**What you need to do**. Repeat the records below word for word and omit each image.

[Dataset records]
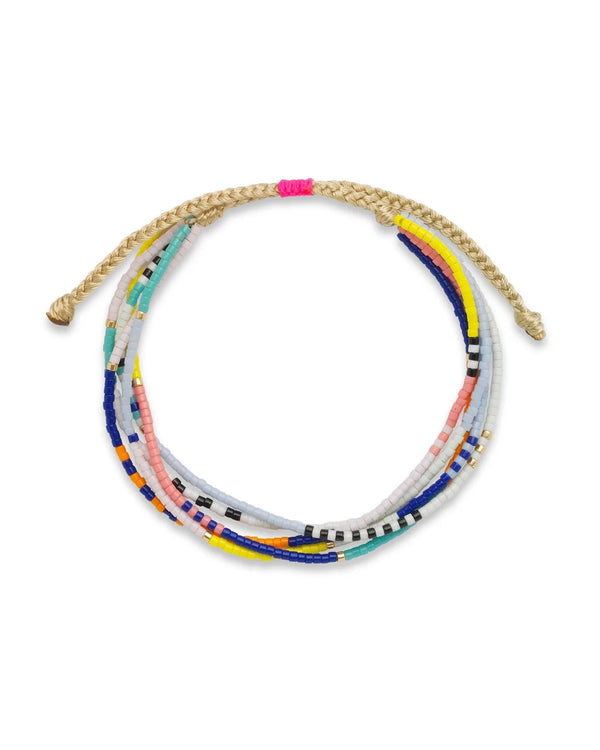 The Trinity Beaded Bracelet by Oiya features multicolored Miyuki beads—blue, pink, yellow, white, black, and green—on a braided tan cord with a small pink accent for a vibrant and distinctive look.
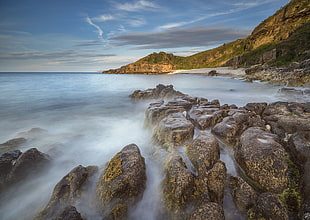 landscape photography of seashore near brown and green cliff during day time, anglesey
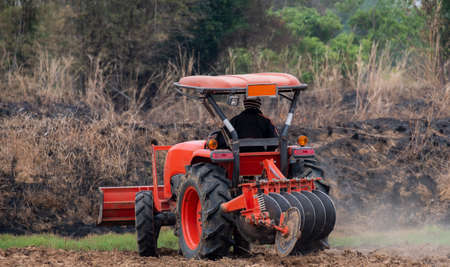 Agricultural plows are plowed to wait for the farming season.の写真素材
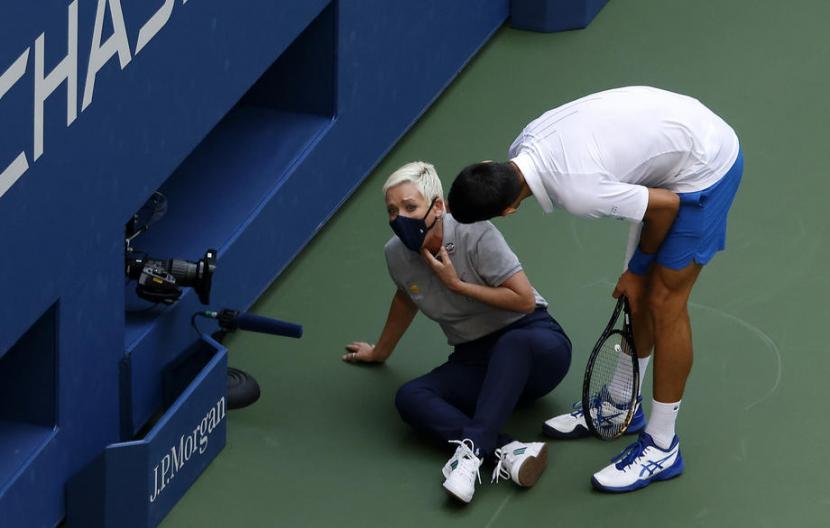 Novak Djokovic (kanan) menghampiri ofisial pertandingan Grand Slam US Open yang terkena bola yang dipukullkannya saat menghadapi Pablo Carreno Busta. Bola mengenai tenggorokan sang ofisial perempuan dan Djokovic kemudian didiskualifikasi dari US Open.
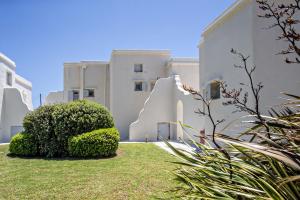 a white building with a hedge in front of it at Iris house Agios Sostis in Agios Sostis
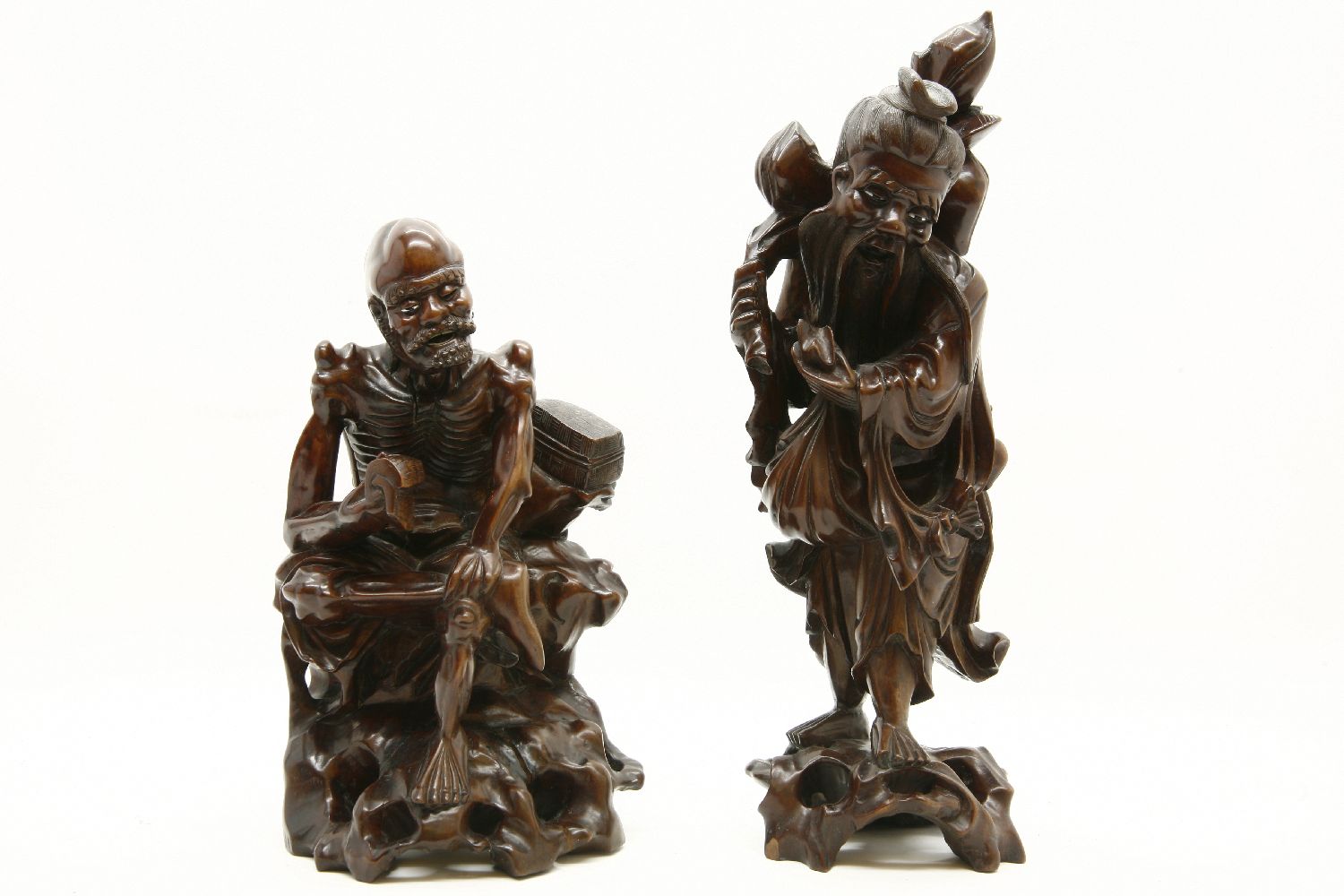 Two Chinese carved hardwood figures: one skeletal, seated, holding a book, the other holding a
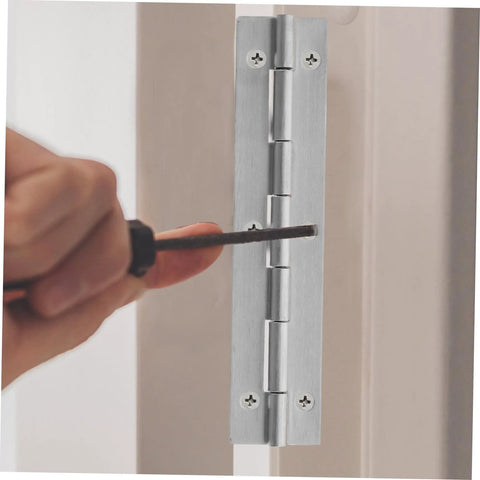 Stainless steel piano hinge installed on cabinet door frame with screws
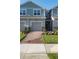 Inviting townhouse exterior with a well-maintained lawn and a brick pathway leading to the front entrance at 9088 Ocean Tide Way, Kissimmee, FL 34747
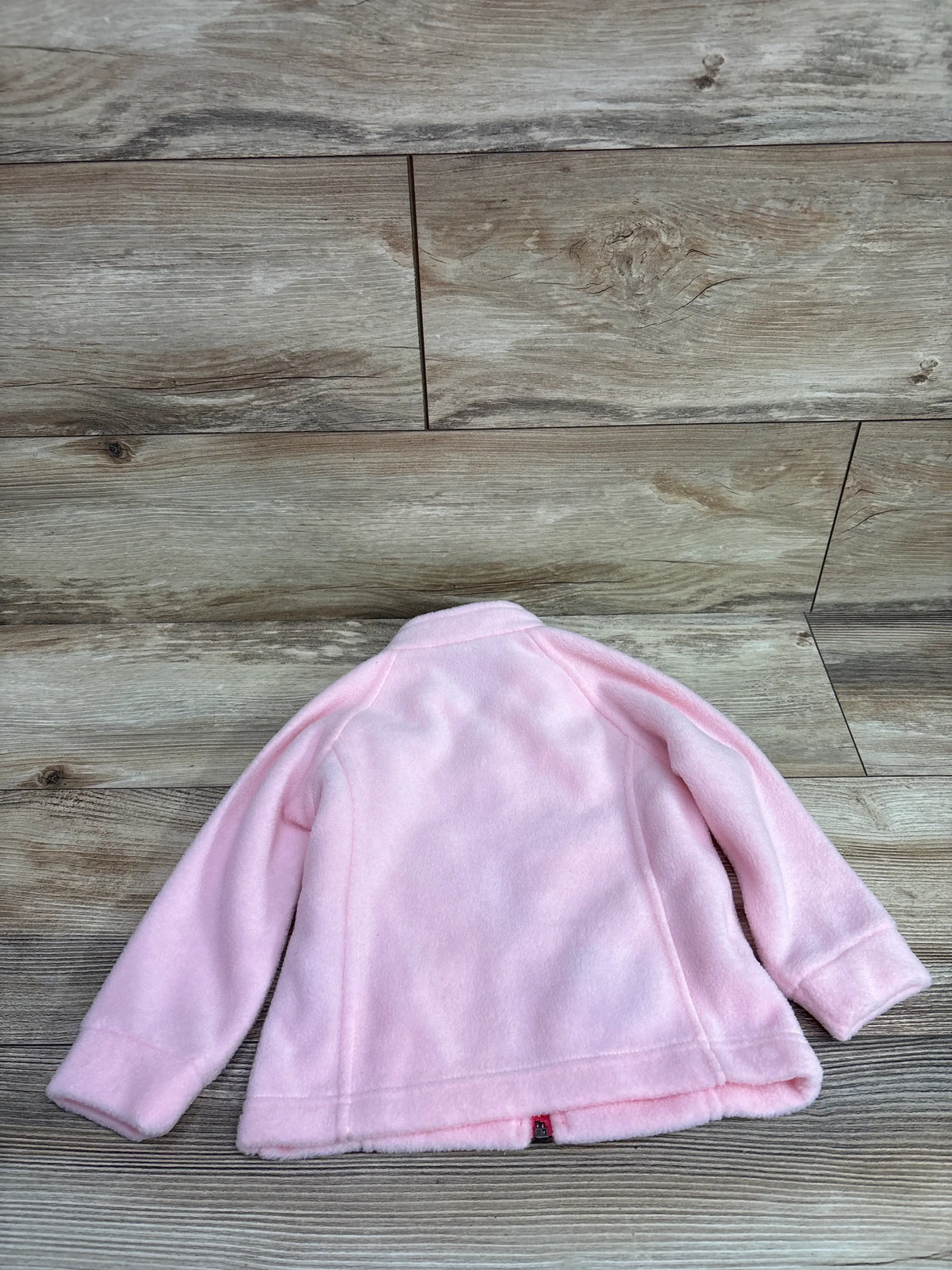 Columbia fleece full zip jacket in pink for size 2T, laid flat on a wood grain surface.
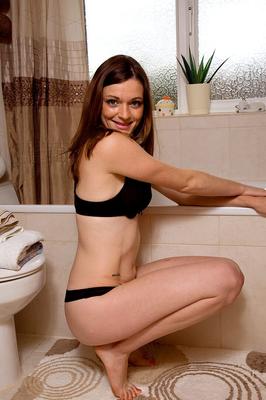 13P First timer removes a black bra and panty set before showering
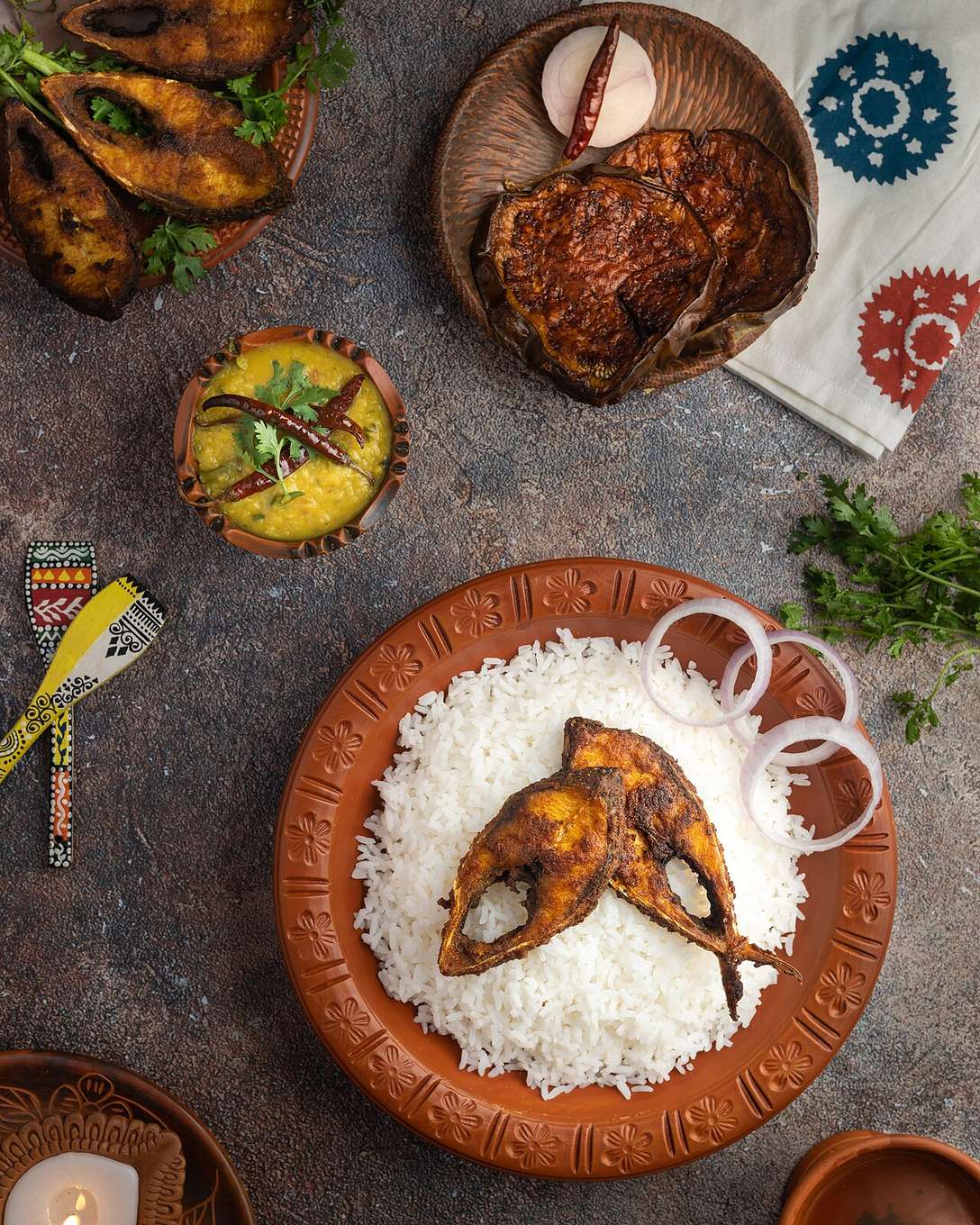 Fried hilsa (ilish) served over rice with eggplant fry and dal — a traditional Bangladeshi spread
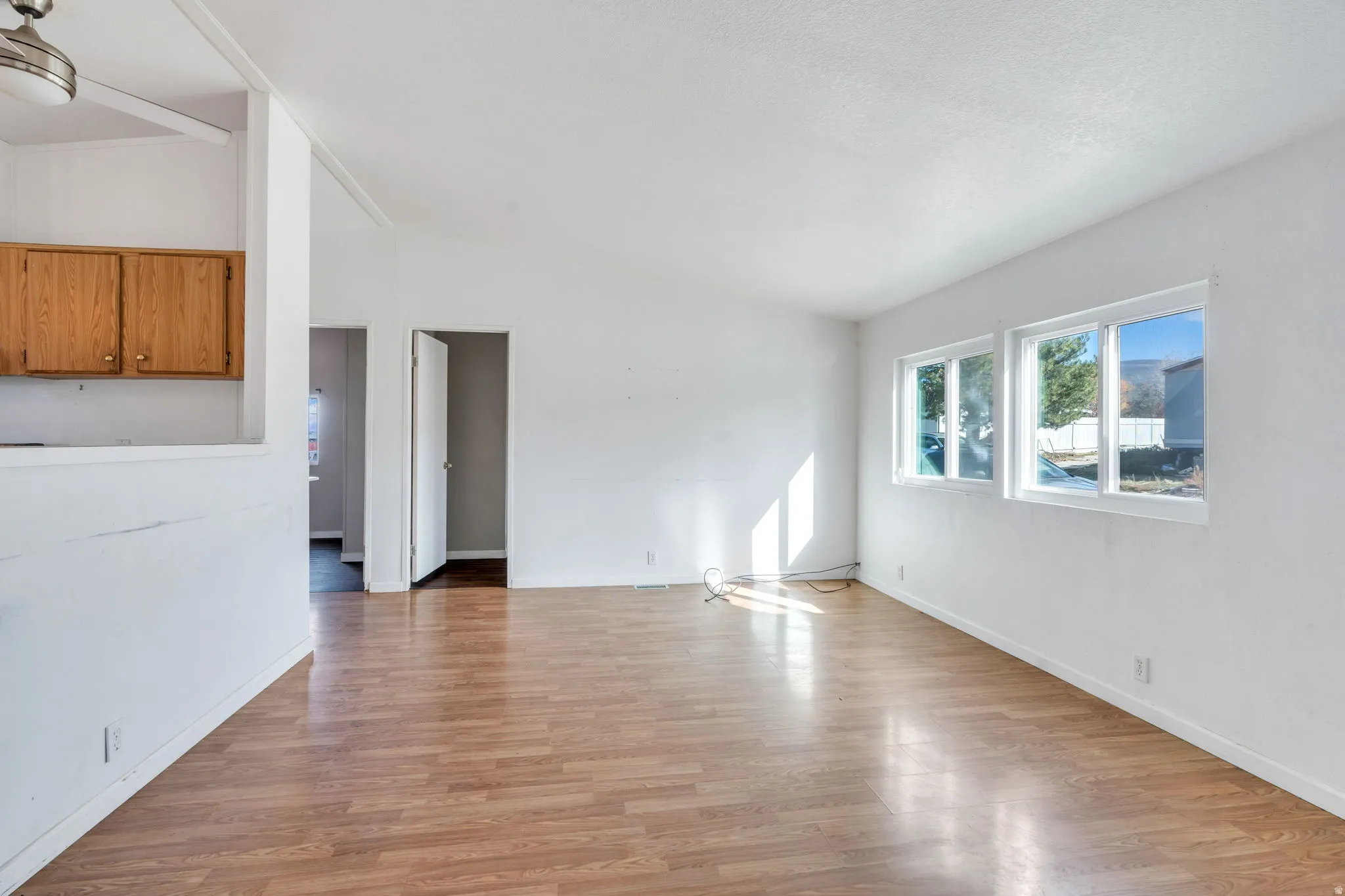 Unfurnished living room featuring vaulted ceiling and light wood-style floors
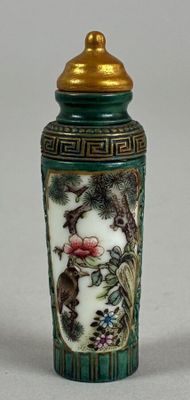 a green vase with a gold lid sitting on a table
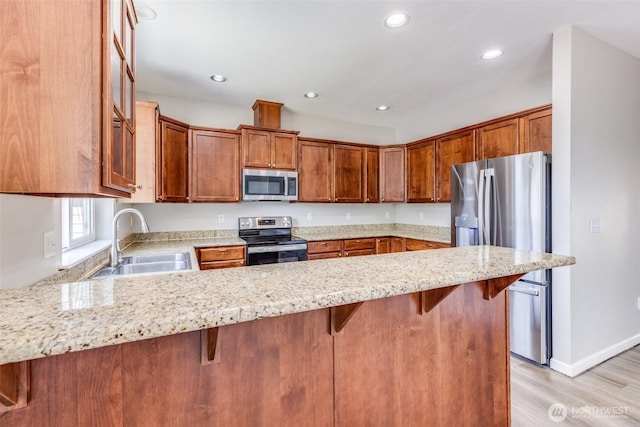 kitchen with light wood-style flooring, a sink, light stone counters, stainless steel appliances, and a peninsula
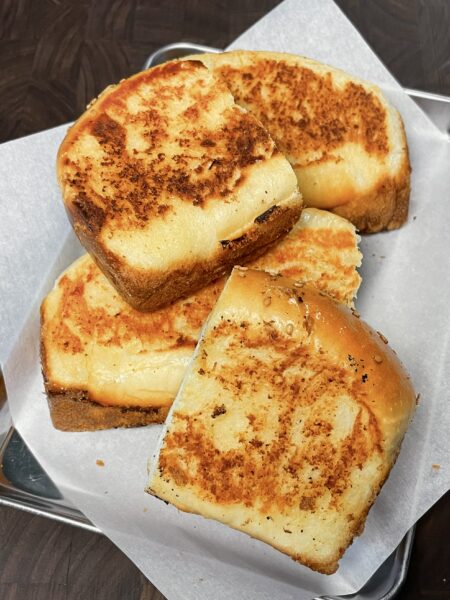 A stack of golden-brown, buttery homemade Texas toast, just like Raising Cane's, resting on a metal tray lined with parchment paper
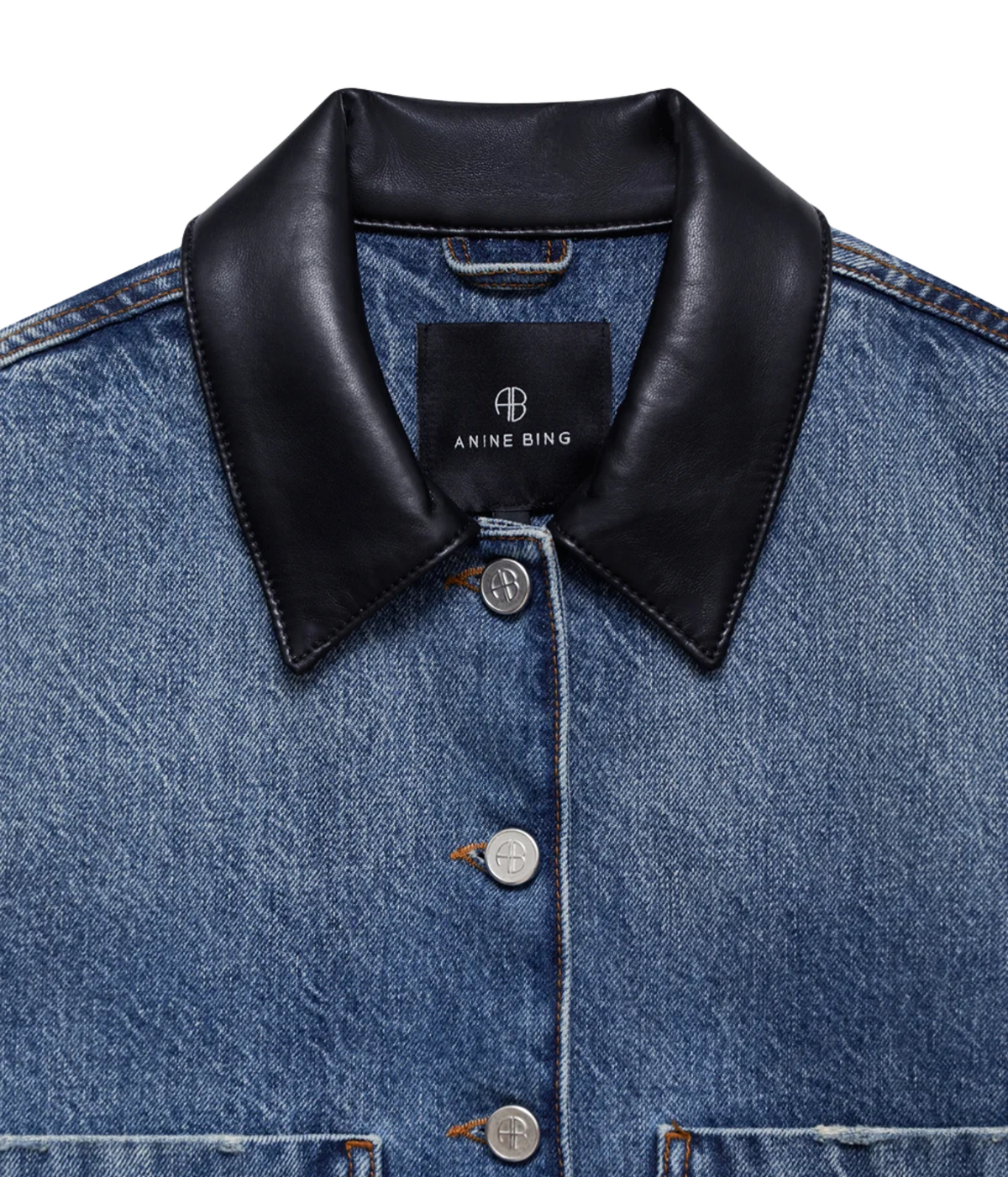 Close-up of a blue denim jacket with a contrasting black leather collar, featuring silver buttons and a visible Anine Bing brand label.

**Result**.
 The Trinity Beaded Bracelet by Oiya features multicolored Miyuki beads—blue, pink, yellow, white, black, and green—on a braided tan cord with a small pink accent for a vibrant and distinctive look.
 landscape photography of seashore near brown and green cliff during day time, anglesey
 Agricultural plows are plowed to wait for the farming season.の写真素材
 Novak Djokovic (kanan) menghampiri ofisial pertandingan Grand Slam US Open yang terkena bola yang dipukullkannya saat menghadapi Pablo Carreno Busta. Bola mengenai tenggorokan sang ofisial perempuan dan Djokovic kemudian didiskualifikasi dari US Open.
 a white building with a hedge in front of it at Iris house Agios Sostis in Agios Sostis
 Two Chinese carved hardwood figures: one skeletal, seated, holding a book, the other holding a
 Stainless steel piano hinge installed on cabinet door frame with screws
 Inviting townhouse exterior with a well-maintained lawn and a brick pathway leading to the front entrance at 9088 Ocean Tide Way, Kissimmee, FL 34747
 Columbia fleece full zip jacket in pink for size 2T, laid flat on a wood grain surface.
 13P First timer removes a black bra and panty set before showering
 Fried hilsa (ilish) served over rice with eggplant fry and dal — a traditional Bangladeshi spread
 Unfurnished living room featuring vaulted ceiling and light wood-style floors
 a green vase with a gold lid sitting on a table
 kitchen with light wood-style flooring, a sink, light stone counters, stainless steel appliances, and a peninsula
 A stack of golden-brown, buttery homemade Texas toast, just like Raising Cane's, resting on a metal tray lined with parchment paper
 Close-up of a blue denim jacket with a contrasting black leather collar, featuring silver buttons and a visible Anine Bing brand label.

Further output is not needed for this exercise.